Juge et partie?

Quand l’administration est juge et partie, “l’affaire” n’est pas loin!  Est-ce nouveau? Évidemment que non.
Les habitants de Chaudun étaient-ils si malheureux qu’ils devaient absolument partir ou leur a-t-on fait miroiter une vie tellement plus heureuse dans les colonies françaises qu’ils ne pouvaient résister à cette sollicitation par ailleurs assez pressante?
Il est vrai que leur principale ressource, l’industrie pastorale, était en régression permanente pour 3 raisons. Je cite ici le rapport de l’inspecteur de la Direction des forêts chargé par l’Etat de ce dossier, monsieur Billecard : “l’épuisement des pâturages par un usage excessif, la baisse des prix par suite de la concurrence étrangère et enfin l’augmentation incessante des charges communales”. Mais si les revenus étaient faibles, les dépenses l’étaient tout autant.  Cet inspecteur était-il véritablement objectif? Probablement pas.
Les propriétaires, sans doute trop pressés de vendre ont fait une offre , toujours selon lui: “sensiblement inférieure à celle payée pour les acquisitions de terrains similaires dans la région”. Mais il préconise  de considérer les prix proposés comme “un maximum”. Très honnête, vis à vis de gens qu’il décrit si miséreux?
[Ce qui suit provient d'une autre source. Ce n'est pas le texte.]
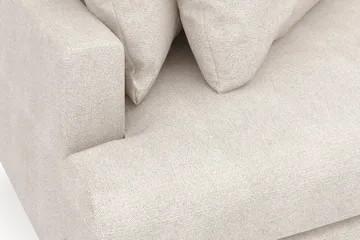 Menard 4-personers Højrevendt L-formet Divansofa i Stof - Beige - Møbler - Sofaer - Sofa med chaiselong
Un propriétaire refusera de brader son terrain. Peu importe, il fait une note indiquant:
“Il ne persistera pas dans ses prétentions lorsqu’il se trouvera seul à habiter à Chaudun et s’il persiste, il sera temps alors d’examiner si l’administration doit faire droit.” En fait il semble que ce Billecard veuille surtout que l’affaire se réalise, sans doute pour son propre avancement. Clairement son intérêt est celui de l’Etat, pas celui des Chauduniers.
Les négociations s’étirant sur plusieurs longues années, les habitants sont désespérés et pressent l’Etat de conclure. Il abondera dans ce sens. Par compassion? Pas du tout: voyez ce qu’il en dit:  “l’administration doit faire des concessions de formes pour dégager la responsabilité d’une situation que l’opinion publique qui lui est si peu favorable dans ce département ne manquerait pas de faire retomber sur elle…”
Voilà un aspect de l’histoire de Chaudun, moins misérabiliste et donc sans doute moins romanesque que la version usuelle, que j’ai découvert grâce à une nouvelle visite aux archives de Gap et au livre très documenté de Monsieur   Escalle     “de Rabou à Chaudun” dont l’édition est malheureusement  épuisée.
Par phases tantôt j’avance dans l’écriture du roman et tantôt je découvre des vérités nouvelles… qui parfois me font modifier le cours de mon scénario. Sans cesse sur le métier… jusqu’à quand?
 “Il ne faut pas faire le civet avant d’avoir le lièvre.”